The communists took Shanghai in May 1949, conclusively ending use of the memorial site for its original use. It became derelict, and was demolished over the course of several weeks in 1960. Although no concrete plans were ever made for the reuse of the memorial by communist authorities, a print celebrating the communist takeover of Shanghai from 1950 shows the plinth supporting a statue of a communist volunteer.

== Design and legacy ==
The memorial was a tall plinth topped by the statue of the goddess of victory extending her hand over a widow and orphan (colloquially called the "Angel of Peace"). The statue was similar to other memorials by Fehr, who was known for his depictions of winged victory. The plinth was adorned with bronze reliefs sculpted by Isabella Karsnitsky. At the plinth's base, there was an honor roll which listed the names of the 235 Shanghai residents who died in Allied service during the war; most of these were British and 25 were French. Two trophies of arms flanked the memorial's north and south sides, and the inscription AD MORTUORUM GLORIAM MCMXIV MCMXVII ("To the Glory of the Dead 1914–1918") was inscribed on its front above an oversize palm frond and wreath.

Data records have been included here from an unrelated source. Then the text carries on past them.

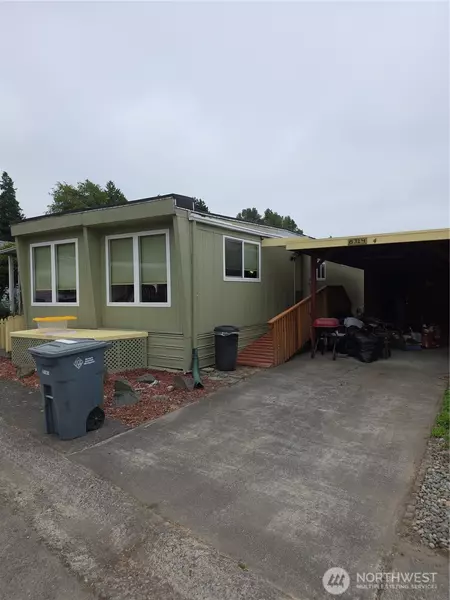 8314 38th ST E #4, Edgewood, WA 98371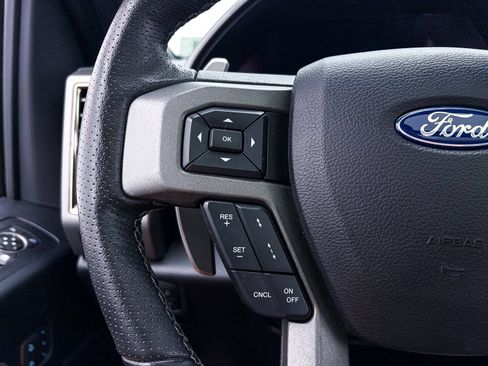 Used 2019 Ford F150 Raptor w/ Equipment Group 802A Luxury AWD/4WD image 39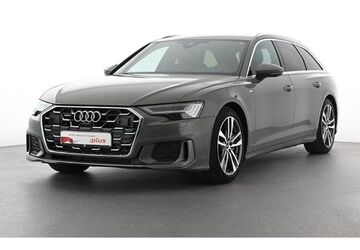 Audi A6 103.108 km 31.780 &euro; Essen 45143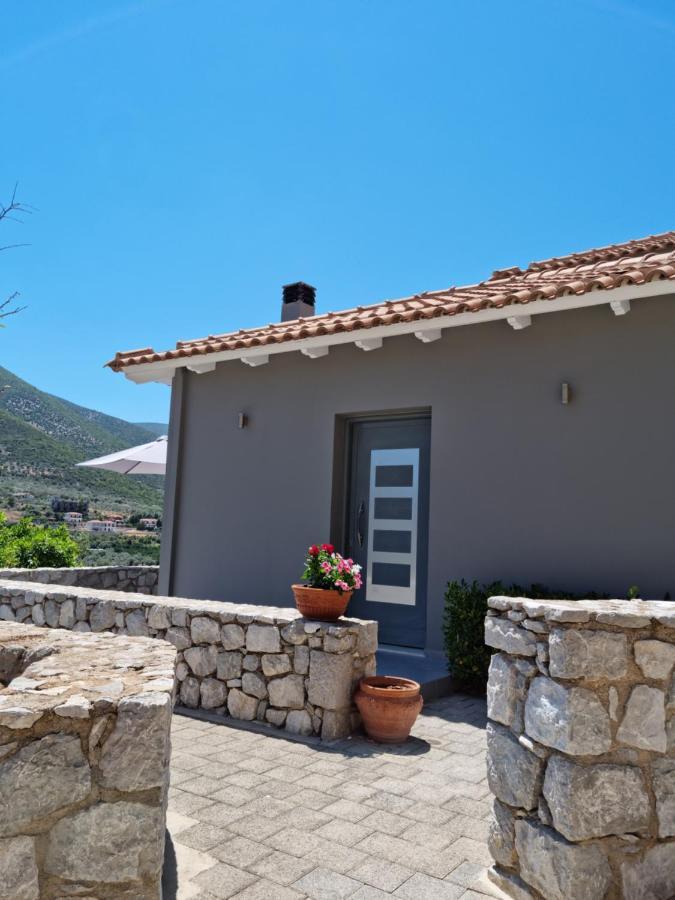 Melissafarm Guest House Epidaurus Luaran gambar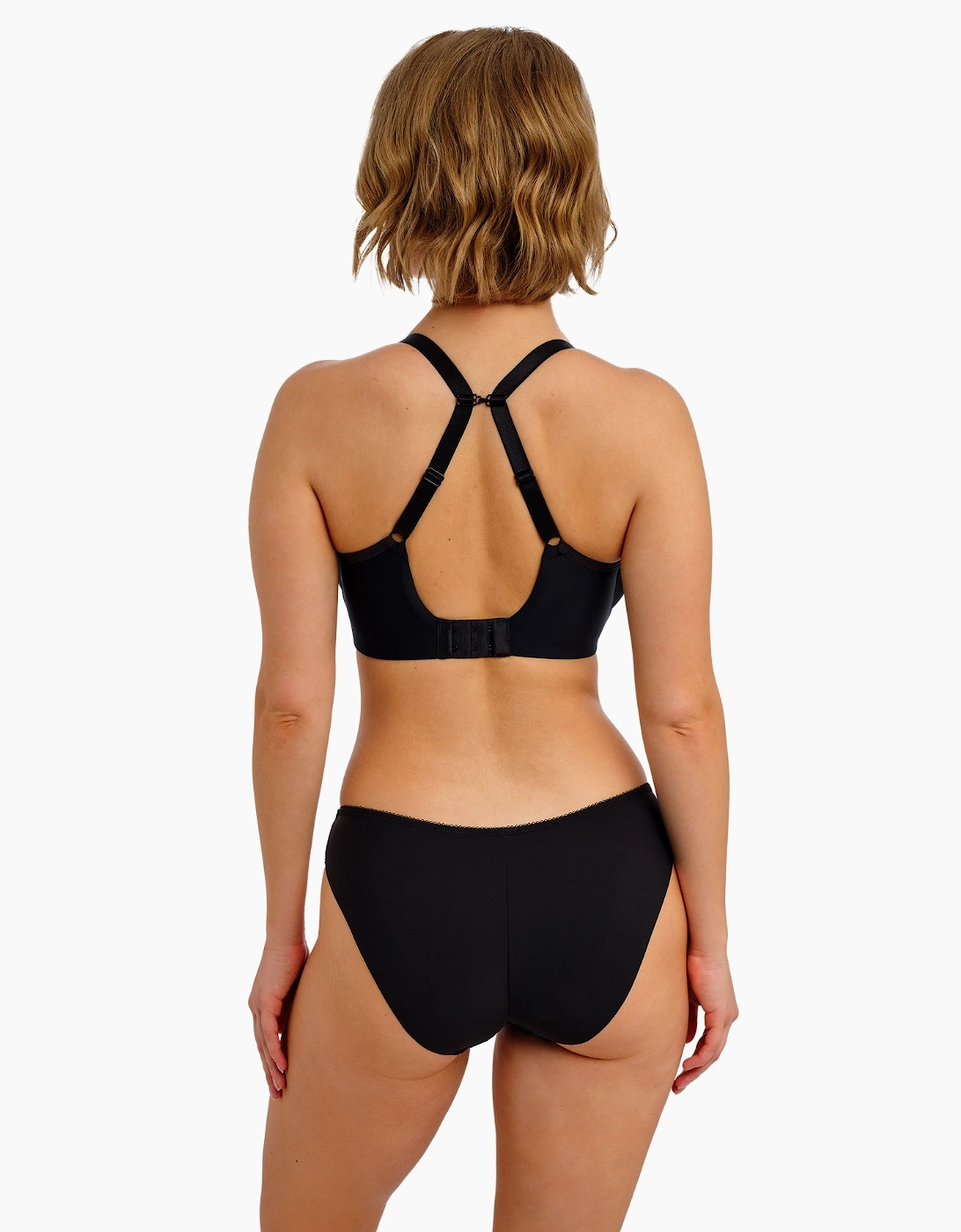 Aa404432 Freya Essentially Smooth Moulded Balcony T-Shirt Bra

The "Angel of Peace" statue became an icon of the Bund, frequently framing photographs of it. It was featured in a number of films, artworks, and writings, most notably making an appearance in the 1937 film Street Angel. Chinese viewers of the statue came to view it beyond its originally narrow purpose, and it was invoked as a symbol of peace in China writ large in artwork and costume.

A smaller-scale replica of the statue stands in the 1930s-themed Shanghai Film Park, owned by the Shanghai Film Studio.